*** EXERCISE MATERIALS Section Begins ***

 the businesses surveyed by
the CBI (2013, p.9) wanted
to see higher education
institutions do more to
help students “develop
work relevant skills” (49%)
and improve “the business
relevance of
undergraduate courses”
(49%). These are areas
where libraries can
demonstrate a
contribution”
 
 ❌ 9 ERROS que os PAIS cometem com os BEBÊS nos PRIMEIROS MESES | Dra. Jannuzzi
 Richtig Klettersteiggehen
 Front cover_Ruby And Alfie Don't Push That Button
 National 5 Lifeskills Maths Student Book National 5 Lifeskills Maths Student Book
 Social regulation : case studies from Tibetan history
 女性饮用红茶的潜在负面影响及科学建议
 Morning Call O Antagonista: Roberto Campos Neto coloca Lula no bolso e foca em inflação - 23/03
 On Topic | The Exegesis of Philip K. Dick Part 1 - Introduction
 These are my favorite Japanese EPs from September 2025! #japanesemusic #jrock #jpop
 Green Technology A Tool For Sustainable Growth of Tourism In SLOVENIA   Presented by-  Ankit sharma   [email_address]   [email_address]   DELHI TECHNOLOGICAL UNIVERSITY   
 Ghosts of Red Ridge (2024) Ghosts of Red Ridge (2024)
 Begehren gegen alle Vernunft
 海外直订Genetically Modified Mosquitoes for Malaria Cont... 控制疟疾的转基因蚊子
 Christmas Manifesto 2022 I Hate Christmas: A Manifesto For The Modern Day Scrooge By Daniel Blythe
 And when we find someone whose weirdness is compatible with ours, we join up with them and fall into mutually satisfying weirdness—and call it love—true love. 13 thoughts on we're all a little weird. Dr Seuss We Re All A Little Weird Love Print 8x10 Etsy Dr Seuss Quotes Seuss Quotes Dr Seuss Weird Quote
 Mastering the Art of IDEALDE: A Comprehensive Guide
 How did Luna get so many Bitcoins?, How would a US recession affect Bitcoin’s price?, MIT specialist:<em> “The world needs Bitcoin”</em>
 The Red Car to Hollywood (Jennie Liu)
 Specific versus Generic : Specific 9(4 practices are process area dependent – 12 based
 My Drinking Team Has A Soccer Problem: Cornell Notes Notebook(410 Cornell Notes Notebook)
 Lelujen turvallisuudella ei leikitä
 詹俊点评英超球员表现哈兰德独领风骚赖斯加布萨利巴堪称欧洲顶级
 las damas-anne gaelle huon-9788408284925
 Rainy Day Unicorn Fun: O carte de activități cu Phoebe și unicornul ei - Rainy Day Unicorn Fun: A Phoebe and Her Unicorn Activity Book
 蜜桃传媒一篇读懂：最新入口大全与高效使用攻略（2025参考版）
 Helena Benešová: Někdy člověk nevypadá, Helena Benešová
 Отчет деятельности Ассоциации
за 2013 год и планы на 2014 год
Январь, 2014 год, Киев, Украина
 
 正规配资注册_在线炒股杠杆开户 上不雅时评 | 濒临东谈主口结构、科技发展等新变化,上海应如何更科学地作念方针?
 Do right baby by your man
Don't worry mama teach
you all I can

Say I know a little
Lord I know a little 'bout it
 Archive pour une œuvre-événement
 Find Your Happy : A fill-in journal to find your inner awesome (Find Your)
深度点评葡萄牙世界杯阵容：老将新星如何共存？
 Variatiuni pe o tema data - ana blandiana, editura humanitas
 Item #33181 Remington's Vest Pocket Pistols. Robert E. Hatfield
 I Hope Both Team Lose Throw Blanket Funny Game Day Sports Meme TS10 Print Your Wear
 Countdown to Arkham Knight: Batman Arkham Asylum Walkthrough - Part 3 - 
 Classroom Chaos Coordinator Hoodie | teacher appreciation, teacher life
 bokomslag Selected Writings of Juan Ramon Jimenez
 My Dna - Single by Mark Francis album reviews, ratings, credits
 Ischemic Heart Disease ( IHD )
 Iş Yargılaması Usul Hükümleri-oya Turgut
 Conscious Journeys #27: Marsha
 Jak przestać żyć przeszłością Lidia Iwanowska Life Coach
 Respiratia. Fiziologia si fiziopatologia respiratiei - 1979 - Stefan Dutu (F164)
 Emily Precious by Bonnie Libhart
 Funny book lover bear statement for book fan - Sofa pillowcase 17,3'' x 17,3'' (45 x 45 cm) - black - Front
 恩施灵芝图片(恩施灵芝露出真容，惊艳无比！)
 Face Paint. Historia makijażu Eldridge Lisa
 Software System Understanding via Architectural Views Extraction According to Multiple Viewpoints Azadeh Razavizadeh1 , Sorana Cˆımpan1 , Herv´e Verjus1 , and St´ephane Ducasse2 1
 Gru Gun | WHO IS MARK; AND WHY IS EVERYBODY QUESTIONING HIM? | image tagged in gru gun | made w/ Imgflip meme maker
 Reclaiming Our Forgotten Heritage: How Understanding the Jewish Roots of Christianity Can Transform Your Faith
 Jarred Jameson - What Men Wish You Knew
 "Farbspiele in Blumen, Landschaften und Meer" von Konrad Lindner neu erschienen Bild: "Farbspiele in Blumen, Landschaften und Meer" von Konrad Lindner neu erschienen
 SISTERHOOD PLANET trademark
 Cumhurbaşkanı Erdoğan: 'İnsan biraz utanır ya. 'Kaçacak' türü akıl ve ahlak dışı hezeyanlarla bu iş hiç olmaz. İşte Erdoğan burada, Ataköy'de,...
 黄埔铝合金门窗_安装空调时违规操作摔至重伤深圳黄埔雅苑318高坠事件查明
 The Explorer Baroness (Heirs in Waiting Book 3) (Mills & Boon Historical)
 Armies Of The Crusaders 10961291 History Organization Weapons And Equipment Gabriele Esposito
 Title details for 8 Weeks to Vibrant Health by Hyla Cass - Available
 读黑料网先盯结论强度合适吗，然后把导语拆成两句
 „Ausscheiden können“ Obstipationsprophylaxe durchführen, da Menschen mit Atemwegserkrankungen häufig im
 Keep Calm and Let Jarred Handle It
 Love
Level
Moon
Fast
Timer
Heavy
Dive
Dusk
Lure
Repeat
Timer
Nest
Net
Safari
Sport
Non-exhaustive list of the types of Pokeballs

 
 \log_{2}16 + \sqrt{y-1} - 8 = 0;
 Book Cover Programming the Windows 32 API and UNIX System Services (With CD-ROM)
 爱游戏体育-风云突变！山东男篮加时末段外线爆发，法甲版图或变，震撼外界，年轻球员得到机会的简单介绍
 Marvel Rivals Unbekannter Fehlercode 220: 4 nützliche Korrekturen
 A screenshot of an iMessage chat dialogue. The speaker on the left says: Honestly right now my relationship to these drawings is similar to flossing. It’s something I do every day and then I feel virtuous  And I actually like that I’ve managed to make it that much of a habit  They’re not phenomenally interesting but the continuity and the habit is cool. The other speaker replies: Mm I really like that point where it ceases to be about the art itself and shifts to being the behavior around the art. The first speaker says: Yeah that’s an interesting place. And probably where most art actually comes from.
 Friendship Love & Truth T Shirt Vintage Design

*** EXERCISE MATERIALS Section Ends ***

PROBLEM TO WORK ON >> Go through the entries above and copy each line holding the string "little".

SOLUTION FOR THIS EXERCISE >>
 And when we find someone whose weirdness is compatible with ours, we join up with them and fall into mutually satisfying weirdness—and call it love—true love. 13 thoughts on we're all a little weird. Dr Seuss We Re All A Little Weird Love Print 8x10 Etsy Dr Seuss Quotes Seuss Quotes Dr Seuss Weird Quote
Say I know a little
Lord I know a little 'bout it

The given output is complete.